Secondly, it's a team of servers. It's a cache cluster. It's not just a single source like database. You have multiple servers joined in a cache cluster. So, it's a logical, you know, storage which is pooled by many servers that you can choose to add. That makes it very scalable in comparison to your relational databases. You can start off with 2 servers and you can add more servers at runtime. So, it makes it more and more scalable and as a matter of fact linearly scalable, where you can add more servers and as a result you keep increasing your request handling capacity out of NCache. Nice thing about NCache is that you use it in addition to a back-end database, a relational database. There are a lot of features which complement you use of data that comes from a backend database. So, you can always use NCache in conjunction with your relational database. It's not a replacement of your relational data sources. Some scalability numbers.

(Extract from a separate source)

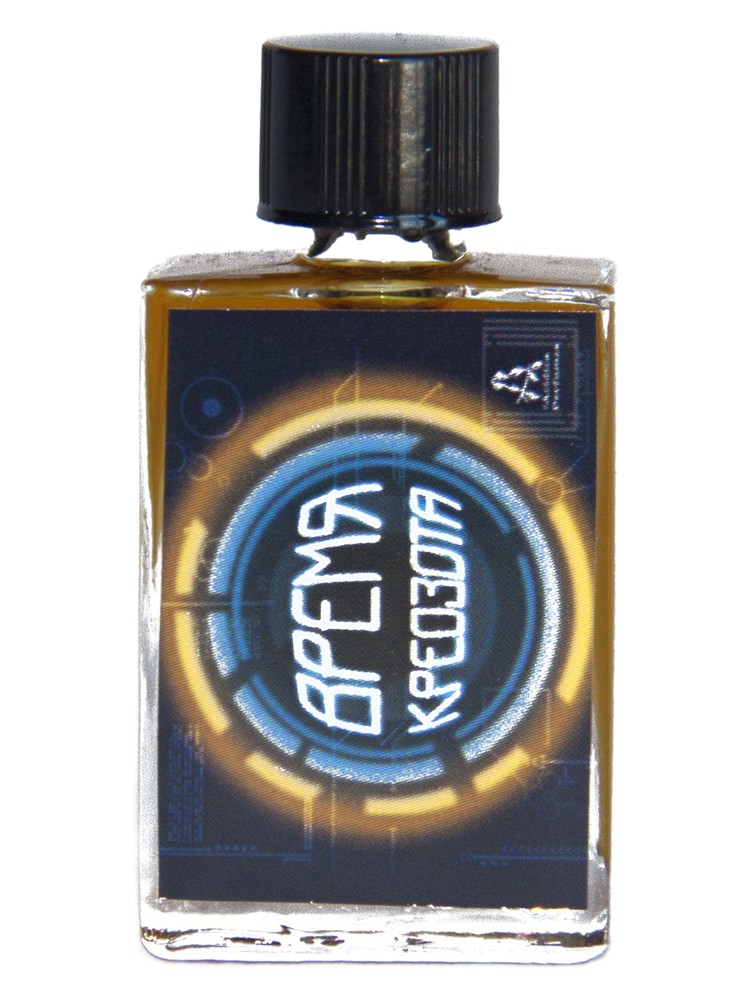 Creosote Time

NCache is very scalable, as you add more servers NCache allows you to handle more and more requests out of NCache cluster. We recently conducted these tests in our QA environment. We use our AWS lab, where we kept on increasing load and also kept on adding more servers and up to 5 NCache servers, which is a very regular configuration for our distributed cache. We were able to achieve 2 Million requests per second and that was an upward increasing trend where we, whenever we added more servers, we added more capacity to the cache cluster. With an average 1 Kilobyte object size, this is the kind of performance you can also expect out of NCache and with better hardware you can even stretch these numbers and get better performance throughput out of NCache. By the way these benchmarks, there's a whitepaper and a video demonstration published on our website as well. So, you can also take a look at that as well.
Some deployment details. How would a typical deployment of NCache is going to look like.

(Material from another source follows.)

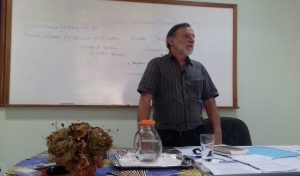 Curso de Formação Política para Cristãos Leigos e Leigas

Here is a single-site deployment of NCache. As you can see, we have a single-site and in your case, what we talk about the WAN replication aspect of it, obviously we would have more than one deployment we would have a separate datacenter, where we would also have NCache and applications deployed.
So, with our distributed cache deployment, as shown in the diagram, let's talk about how a typical deployment looks like. So, we have a team of servers again. We have 4 to 5 servers showing in the diagram, that is where your cache cluster is hosted and as you can see, it sits in between your application and database. The idea here is that you use these sources in combination to one another, for object caching but for session caching, cache becomes your main source of data. So, all your sessions can be stored in NCache and you don't have to go anywhere else. A very flexible deployment model is available. NCache can be hosted on premise. It could be physical or virtual boxes. It could also be in cloud. It could be public or private cloud. It could also be on Azure AWS, because we have marketplace images available for both of these cloud vendors. But, in general, any server which has Windows or Linux and only prerequisite for NCache is .NET or .NET Core Framework. So, these are prereq. It's just .NET and .NET Core which NCache needs as a prereq. If that is available, NCache is very flexible to be deployed on Windows as well as on Linux environments and like I said it could be any environment as well, it could be, you can use Docker and you can also host NCache in Kubernetes cluster and that opens up a lot of other platforms. You can use it in OpenShift. You can use it in Azure Kubernetes service. You know, Elastic Kubernetes service as well. So, all those, you know, platforms are equipped and NCache is equipped to be deployed on all those platforms.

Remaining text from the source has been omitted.